# Does Vegetable Oil Go Bad??



## pistolsmom (Mar 19, 2005)

I have 5 cakes to make for a fundraiser.......I have a big bottle of vegetable oil that I probally opened last year at this time when I had the cakes to make for the same fundraiser.....is it still good???


----------



## Evons hubby (Oct 3, 2005)

pistolsmom said:


> I have 5 cakes to make for a fundraiser.......I have a big bottle of vegetable oil that I probally opened last year at this time when I had the cakes to make for the same fundraiser.....is it still good???

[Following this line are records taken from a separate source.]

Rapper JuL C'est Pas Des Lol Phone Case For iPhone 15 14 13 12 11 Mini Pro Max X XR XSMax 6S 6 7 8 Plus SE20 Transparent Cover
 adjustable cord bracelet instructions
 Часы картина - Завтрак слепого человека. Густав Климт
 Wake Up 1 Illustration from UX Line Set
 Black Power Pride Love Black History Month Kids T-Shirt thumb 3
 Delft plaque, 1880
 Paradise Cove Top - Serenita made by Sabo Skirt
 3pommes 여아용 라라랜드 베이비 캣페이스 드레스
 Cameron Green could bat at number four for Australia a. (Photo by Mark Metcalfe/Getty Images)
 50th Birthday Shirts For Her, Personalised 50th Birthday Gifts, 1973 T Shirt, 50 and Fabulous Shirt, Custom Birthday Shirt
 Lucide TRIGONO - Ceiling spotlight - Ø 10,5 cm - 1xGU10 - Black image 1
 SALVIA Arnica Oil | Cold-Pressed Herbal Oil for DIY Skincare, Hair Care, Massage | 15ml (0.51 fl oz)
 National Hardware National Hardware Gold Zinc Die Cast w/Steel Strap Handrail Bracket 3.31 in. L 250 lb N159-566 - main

I reuse my oil for deep frying over and over. I have a couple gallon thats at least two years old that I cooked our turkey in for Christmas. Never heard of good quality cooking oil going "bad". I do run a batch of french fries once in a while to clarify it, but dont know how it would work for baking. I am guessing it would be fine.


----------



## naturelover (Jun 6, 2006)

Yes, all vegetable oils can go rancid if they've been stored under the wrong conditions.

What kind of vegetable oil is it? What kind of container is it in, metal or glass or plastic? If it's glass or plastic, what color is the container?

Has it been sitting at room temperature for the past year or has it been stored in a cool dark place? 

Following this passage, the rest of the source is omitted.